C-DAC,Pune : High-Perf. Comp. Frontier Technologies Exploration Group and CMSD, University of Hyderabad, Technology Workshop hyPACK (October 15-18), 2013

TBB Template devide in Three parts.

Basic algorithms:

1.parallel_for:

parallel_for(blocked_range<T>(begin,end,grainsize),body object)

A parallel_for<Range,Body> represents parallel execution of Body over each value in Range. This template function tbb::parallel_for recursively splits the iteration space into chunks and runs each chunk on a separate thread. A blocked_range<T> is a template class provided by the library. It describes a one-dimensional iteration space over type T. begin and end are the limits of the iteration space. grainsize refers to size of each chunk. Body object is an loop body object, in which operator() process a chunk.

2.parallel_reduce:

parallel_reduce(blocked_range<T>(begin,end,grainsize),body object)

A parallel_reduce<Range,Body> performs parallel reduction of Body over each value in Range. This template function can parallelize the loop if iterations are independent. TBB defines parallel_reduce similar to the parallel_for..

3.parallel_scan:

parallel_scan(blocked_range<T>(begin,end,grainsize),body object)

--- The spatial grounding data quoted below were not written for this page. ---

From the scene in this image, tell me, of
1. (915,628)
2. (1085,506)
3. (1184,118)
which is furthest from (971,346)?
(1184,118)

A parallel_scan<Range,Body> computes a parallel prefix or parallel scan. The template function parallel_scan decides whether and when to generate parallel work. parallel_scan better suited for future systems with more than two cores.

Advanced algorithms:

1.parallel_while:

parallel_while<Body>

A parallel_while<Body> performs parallel iteration over items. The processing to be performed on each item is defined by a function object of type Body. The template class tbb::parallel_while can be used if the end of the iteration space is not known in advance, or the loop body may add more iterations to do before the loop exits.

2.parallel_sort:

void parallel_sort(RandomAccessIterator begin,RandomAccessIterator end,const Compare& comp );

A call to parallel_sort(i,j,comp) sorts the sequence [i,j) using the third argument comp to determine relative orderings.

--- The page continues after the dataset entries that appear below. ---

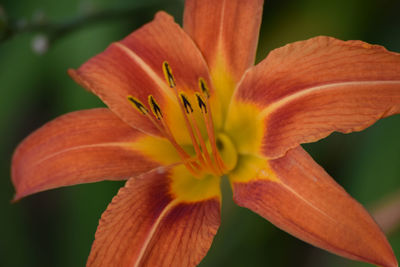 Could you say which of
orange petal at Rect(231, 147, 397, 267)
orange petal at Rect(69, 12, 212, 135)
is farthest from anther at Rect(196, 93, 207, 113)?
orange petal at Rect(231, 147, 397, 267)

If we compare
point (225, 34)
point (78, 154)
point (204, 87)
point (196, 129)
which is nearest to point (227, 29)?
point (225, 34)

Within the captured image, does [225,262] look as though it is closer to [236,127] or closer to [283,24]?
[236,127]

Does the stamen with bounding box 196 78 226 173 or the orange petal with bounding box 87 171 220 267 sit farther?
the stamen with bounding box 196 78 226 173

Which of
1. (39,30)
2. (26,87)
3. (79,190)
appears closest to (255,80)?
(39,30)

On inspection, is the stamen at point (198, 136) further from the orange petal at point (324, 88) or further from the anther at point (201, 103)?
the orange petal at point (324, 88)

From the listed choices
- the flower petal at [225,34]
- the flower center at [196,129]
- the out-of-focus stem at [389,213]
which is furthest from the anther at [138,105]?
the out-of-focus stem at [389,213]

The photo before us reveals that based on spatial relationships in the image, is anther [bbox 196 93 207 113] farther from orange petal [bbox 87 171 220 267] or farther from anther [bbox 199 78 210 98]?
orange petal [bbox 87 171 220 267] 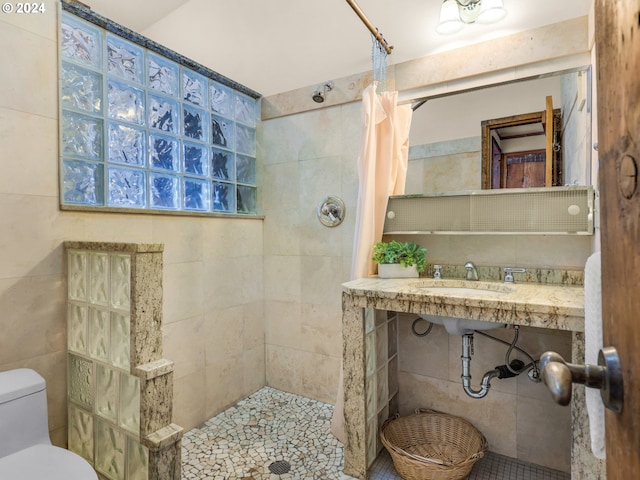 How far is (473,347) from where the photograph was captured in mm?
1972

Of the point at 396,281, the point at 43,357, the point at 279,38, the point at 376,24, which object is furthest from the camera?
the point at 279,38

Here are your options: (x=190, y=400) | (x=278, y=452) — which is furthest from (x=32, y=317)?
(x=278, y=452)

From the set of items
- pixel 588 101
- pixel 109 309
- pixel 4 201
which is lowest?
pixel 109 309

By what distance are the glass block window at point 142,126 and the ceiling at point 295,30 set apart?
0.22 meters

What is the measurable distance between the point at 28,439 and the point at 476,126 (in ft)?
8.06

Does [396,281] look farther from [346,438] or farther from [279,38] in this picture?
[279,38]

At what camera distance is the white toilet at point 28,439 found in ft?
3.97

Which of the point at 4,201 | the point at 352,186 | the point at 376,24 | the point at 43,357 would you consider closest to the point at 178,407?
the point at 43,357

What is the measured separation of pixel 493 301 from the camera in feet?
4.62

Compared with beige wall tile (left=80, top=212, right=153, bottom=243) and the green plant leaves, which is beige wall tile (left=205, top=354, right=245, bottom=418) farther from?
the green plant leaves

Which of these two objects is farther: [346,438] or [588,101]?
[346,438]

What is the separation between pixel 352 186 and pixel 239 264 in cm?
97

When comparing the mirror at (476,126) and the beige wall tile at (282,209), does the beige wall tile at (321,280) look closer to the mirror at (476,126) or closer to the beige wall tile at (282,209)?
the beige wall tile at (282,209)

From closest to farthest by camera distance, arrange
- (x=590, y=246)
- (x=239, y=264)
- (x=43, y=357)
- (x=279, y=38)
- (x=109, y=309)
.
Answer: (x=109, y=309) < (x=43, y=357) < (x=590, y=246) < (x=279, y=38) < (x=239, y=264) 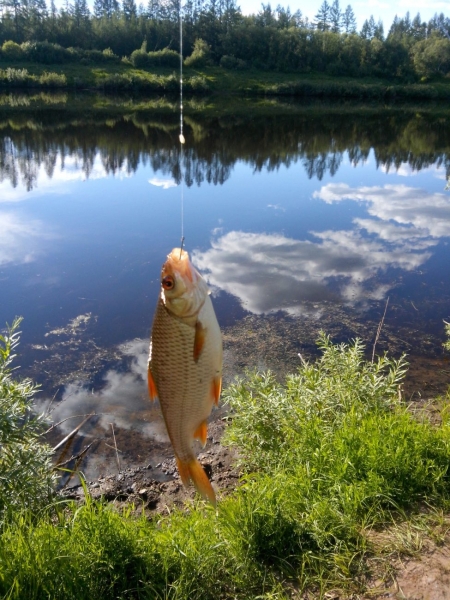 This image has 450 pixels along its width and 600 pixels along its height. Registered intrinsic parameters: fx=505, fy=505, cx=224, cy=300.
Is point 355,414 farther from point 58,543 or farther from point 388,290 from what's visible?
point 388,290

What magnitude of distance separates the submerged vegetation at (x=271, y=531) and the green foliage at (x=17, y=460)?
5.2 inches

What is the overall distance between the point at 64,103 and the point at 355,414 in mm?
34871

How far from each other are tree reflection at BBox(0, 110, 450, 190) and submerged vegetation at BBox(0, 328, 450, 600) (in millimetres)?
12138

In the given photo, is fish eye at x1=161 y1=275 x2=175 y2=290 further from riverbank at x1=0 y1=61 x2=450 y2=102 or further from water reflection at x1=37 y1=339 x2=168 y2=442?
riverbank at x1=0 y1=61 x2=450 y2=102

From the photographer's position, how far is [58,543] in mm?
2697

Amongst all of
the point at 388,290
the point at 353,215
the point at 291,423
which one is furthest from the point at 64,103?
the point at 291,423

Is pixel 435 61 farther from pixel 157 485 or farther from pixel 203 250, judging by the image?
pixel 157 485

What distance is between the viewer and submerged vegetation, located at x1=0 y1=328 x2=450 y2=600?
104 inches

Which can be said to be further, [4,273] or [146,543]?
[4,273]

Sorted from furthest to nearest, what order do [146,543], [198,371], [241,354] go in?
[241,354] → [146,543] → [198,371]

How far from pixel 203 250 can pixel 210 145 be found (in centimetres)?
1210

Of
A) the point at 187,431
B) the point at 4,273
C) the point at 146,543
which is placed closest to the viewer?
the point at 187,431

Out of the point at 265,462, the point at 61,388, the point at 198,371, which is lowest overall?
the point at 61,388

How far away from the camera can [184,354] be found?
2021 mm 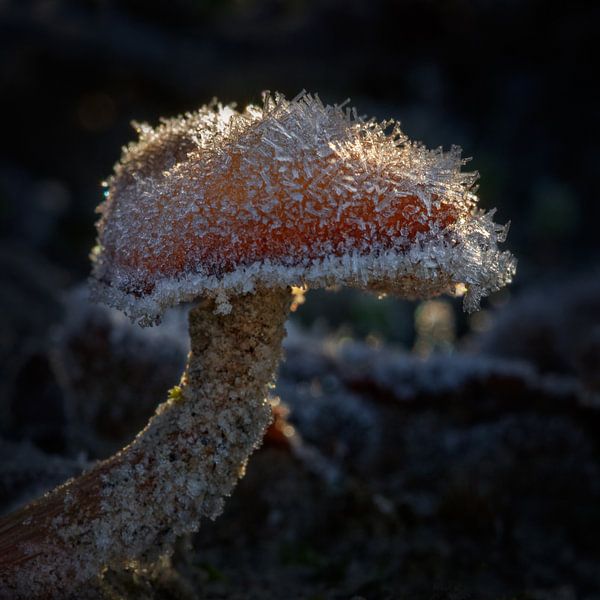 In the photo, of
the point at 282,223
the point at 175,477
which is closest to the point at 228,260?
the point at 282,223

void parallel_sort(RandomAccessIterator begin,RandomAccessIterator end,const Compare& comp );

A call to parallel_sort(i,j) is equivalent to parallel_sort(i,j,std::less<T>). parallel_sort provides an unstable sort of the sequence [begin1,end1). This sort is a comparison sort with an average time complexity O(n log n).

3.Pipeline:

class pipeline;

A pipeline represents the pipelined application of a series of filters to a stream of items. Each filter is parallel or serial.
class filter; A filter represents a filter in a pipeline. A filter is parallel or serial. A parallel filter can process multiple items in parallel and possibly out of order. A serial filter processes items one at a time in the original stream order.

Containers:

1.concurrent_queue:

concurrent_queue<T>

The template class concurrent_queue<T> implements a concurrent queue with values of type T. This is bounded data structure, that permits multiple threads to concurrently push and pop item from the queue.
Pushing is provided by the push method. Pop is carried by blocking and nonblocking methods.
pop_if_present
It is nonblocking, if the queue is empty, it returns anyway.
Pop
This method blocks until it pops a value.

2.concurrent_vector:

concurrent_vector<T>

A concurrent_vector<T> is a dynamically grow able array of items of type T for which it is safe to simultaneously access elements in the vector while growing it.

3.concurrent_hash_map:

concurrent_hash_map<Key,T,HashCompare>

A concurrent_hash_map<Key,T,HashCompare> is a hash table that permits concurrent accesses. The table is a map from a key to a type T. The HashCompare traits type defines how to hash a key and how to compare two keys. A concurrent_hash_map maps keys to values in a way that permits multiple threads to concurrently access values.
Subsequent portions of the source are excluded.